# Generative Adversarial Networks (GANs) and Their Variants

Welcome to this notebook on Generative Adversarial Networks (GANs)! In this notebook, we will:

- Introduce the basic architecture of GANs, including the roles of the **Generator** and **Discriminator**
- Explain the training process and key challenges
- Implement a simple GAN (using a DCGAN-style architecture) on a dataset (e.g., MNIST)
- Discuss common GAN variants such as Conditional GANs, CycleGANs, and others

This notebook is designed for a practical, hands-on course in generative AI and avoids deep mathematical details while providing sufficient background to work with and build generative models.

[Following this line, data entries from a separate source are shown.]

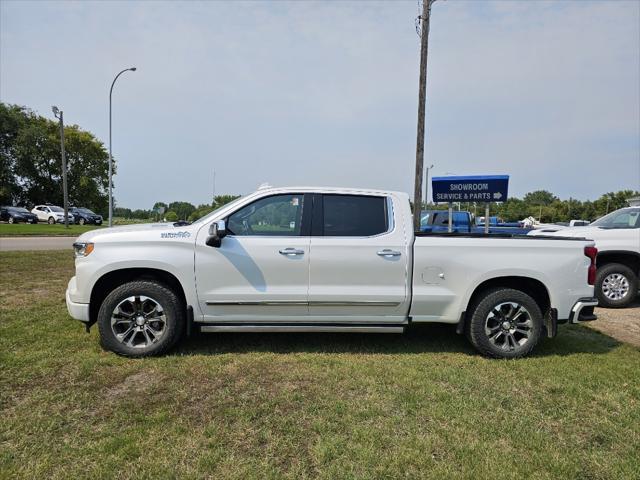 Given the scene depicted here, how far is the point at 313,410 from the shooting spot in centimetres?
331

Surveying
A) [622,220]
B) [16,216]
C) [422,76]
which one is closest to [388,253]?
[622,220]

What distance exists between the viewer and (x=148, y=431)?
2959 mm

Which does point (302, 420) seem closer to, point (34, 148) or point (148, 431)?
point (148, 431)

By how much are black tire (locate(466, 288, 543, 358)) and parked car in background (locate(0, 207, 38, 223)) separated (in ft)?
128

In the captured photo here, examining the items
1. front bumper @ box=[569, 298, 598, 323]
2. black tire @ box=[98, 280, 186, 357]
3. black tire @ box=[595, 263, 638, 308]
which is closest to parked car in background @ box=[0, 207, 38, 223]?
black tire @ box=[98, 280, 186, 357]

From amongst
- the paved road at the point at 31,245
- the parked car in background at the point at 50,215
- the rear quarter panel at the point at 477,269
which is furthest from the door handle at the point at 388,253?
the parked car in background at the point at 50,215

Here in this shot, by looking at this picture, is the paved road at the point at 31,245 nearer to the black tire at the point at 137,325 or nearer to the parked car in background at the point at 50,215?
the black tire at the point at 137,325

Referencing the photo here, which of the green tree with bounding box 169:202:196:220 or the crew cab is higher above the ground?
the green tree with bounding box 169:202:196:220

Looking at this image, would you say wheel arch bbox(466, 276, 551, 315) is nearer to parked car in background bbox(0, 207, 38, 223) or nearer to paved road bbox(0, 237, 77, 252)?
paved road bbox(0, 237, 77, 252)

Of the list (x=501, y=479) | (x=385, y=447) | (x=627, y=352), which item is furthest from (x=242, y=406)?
(x=627, y=352)

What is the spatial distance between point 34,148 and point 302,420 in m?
49.4

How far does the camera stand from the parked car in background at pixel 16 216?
3406 cm

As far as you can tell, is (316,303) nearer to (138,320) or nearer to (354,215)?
(354,215)

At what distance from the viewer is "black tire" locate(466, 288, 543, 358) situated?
4500 mm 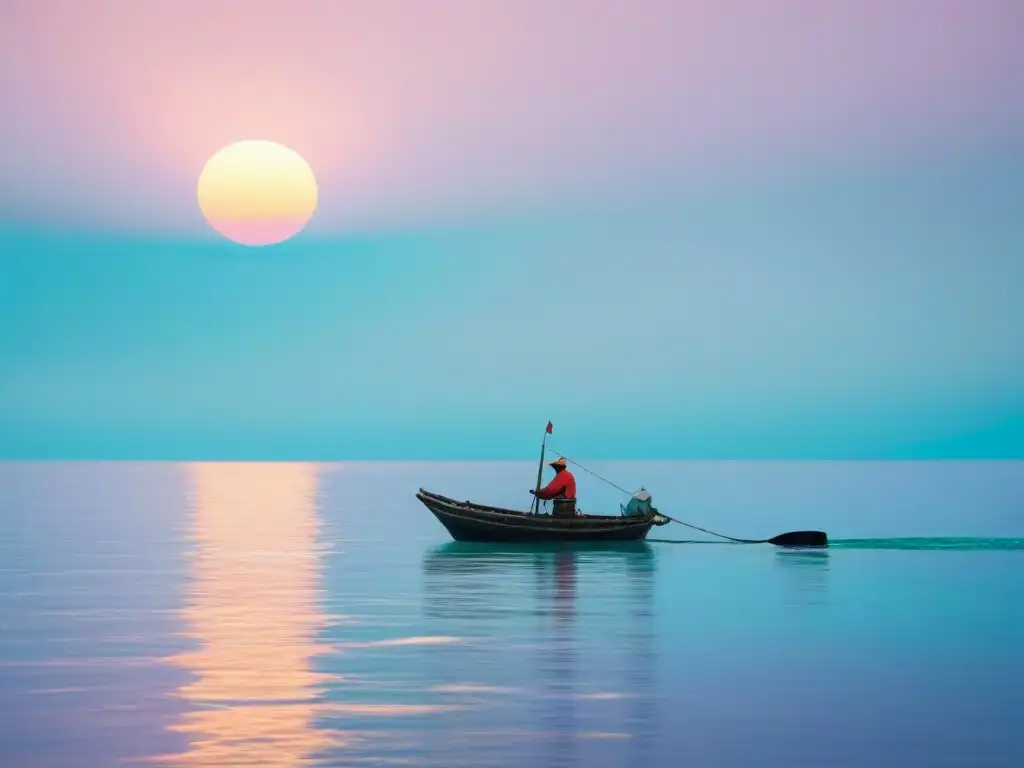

## 1. Introduction to GANs

Generative Adversarial Networks (GANs) were introduced by Ian Goodfellow in 2014. The core idea is to have two neural networks—a **Generator** and a **Discriminator**—competing against each other:

- **Generator (G):** Takes in random noise (from a latent space) and attempts to generate realistic data (e.g., images).
- **Discriminator (D):** Receives both real data (from the training set) and fake data (produced by the generator) and tries to distinguish between the two.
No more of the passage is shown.